Court name
HC: Civil Division (Uganda)
Judgment date
22 May 2013

UMEME Ltd v Waiswa (HCT-04-CV-CA-2011/63) [2013] UGHCCD 72 (22 May 2013);

Cite this case
[2013] UGHCCD 72






(Arising out of Mbale Civil Suit No.0064 of 2010)

UMEME LTD……………………..……………………..………..                                                                                                                 APPELLANT


WAISWA DAVID…………………………….…………..                                                                                                                                 RESPONDENT






This appeal arises out of the judgment and orders of the Magistrate Grade I Mbale in which he gave judgment to the respondent Waiswa David against the appellant, Umeme Limited in the following terms that:

  1. The Plaintiffs (Respondents) metre box be immediately connected.
  2. The defendant (appellant) reconnects power with immediate effect.
  3. The defendant (appellant) pays the plaintiff (respondent) special damages of Ug X 8,400,000/= for loss of business.
  4. The defendant (appellant) pays the plaintiff (respondent) UG X 10,000,000/= as general damages for inconveniences caused on him by the disconnection of power.
  5. The defendant (appellant) pays UGX 3,000,000/= as exemplary damages.
  6. The defendant (appellant) pays costs of the suit.
  7. The defendant (appellant) pays interest on (iii), (iv), (v) and (vi) above at a rate of 24% per annum from the time power was disconnected until payment in full.


The appellant was dissatisfied with the judgment and orders of the learned Magistrate hence this appeal.


It is common knowledge that for a first appellate court to properly re-evaluate the evidence adduced at the trial it has to thoroughly peruse and comprehend the entire record in order to reach its conclusion.  Whether the findings of and orders of the trial court can stand.


When I did this I got stuck at one point because the record shows that the lower court proceeded exparte as per its order of 10th January 2010.  (See order on P.3 of the proceedings in the record of appeal).  On the 17th of January 2011, the lower court confirmed its order unless it was set aside.

Court proceeded exparte and heard PW.1 Waiswa David who closed his case on Page 6 upon which judgment was fixed for 24th January 2011.


Surprisingly, on 9th March 2011 cross-examination of PW.1 was conducted.  I wonder under what circumstances.  On Page 9 of the record of appeal, the defence case started with DW.1 Stephen  Epilu testifying and he was cross-examined by the plaintiff.

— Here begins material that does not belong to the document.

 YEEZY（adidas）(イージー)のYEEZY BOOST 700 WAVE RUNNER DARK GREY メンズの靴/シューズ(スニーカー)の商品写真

Judgment was again reserved for 30th May 2011.


In the bundle of the lower court record presented before me, I came across Misc. Application No.13/2011 where a consent order dated 21st January 2011 was entered for setting aside the order to proceed exparte and parties agreed to proceed inter parties on 28.1.2010 (an apparent date error).

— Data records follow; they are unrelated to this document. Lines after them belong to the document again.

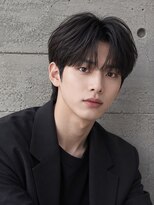 ノラ ヘアーサロン(NORA HAIR SALON)&nbsp;大人っぽく決まる韓国風センターパートハチ張り解消ダウンパーマ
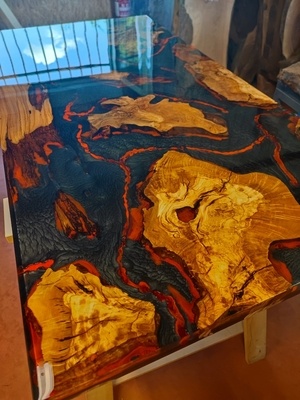 Plateau bois d'olivier et résine époxy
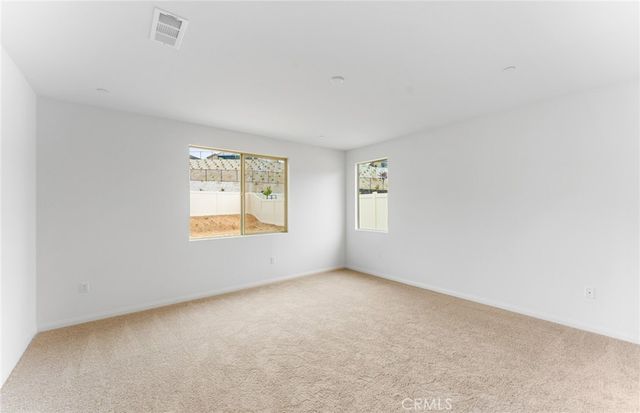 3920 Hudson Lane, Lake Elsinore, CA 92530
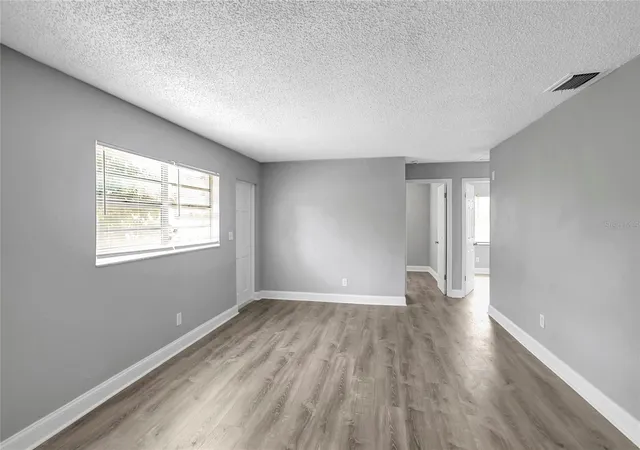 Photo 3 of Single family home for sale at 1615 E Sitka St, Tampa, FL 33604 | MLS# TB8533746 | Listing updated on 2026-09-25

This preceded the proceedings of 9th March 2011 when PW.1 was cross-examined. Clearly, the trial court for unknown reasons, did not start hearing the case afresh having ordered to set aside the exparte proceedings.  It used the exparte proceedings to have PW.1 cross-examined and proceeded to hear the defence case.


This was irregular.  The trial court ought not to have allowed cross-examination of a witness on the proceedings which were non-existent for having been set aside by consent.


For this reason, I am constrained to hold that the lower court proceedings were irregular and a mistrial from which no valid appeal can arise.


In the interest of justice, the proceedings which were null and void will be set aside and a retrial is hereby ordered.

Since the trial court was to blame for this mistrial each party shall meet its costs.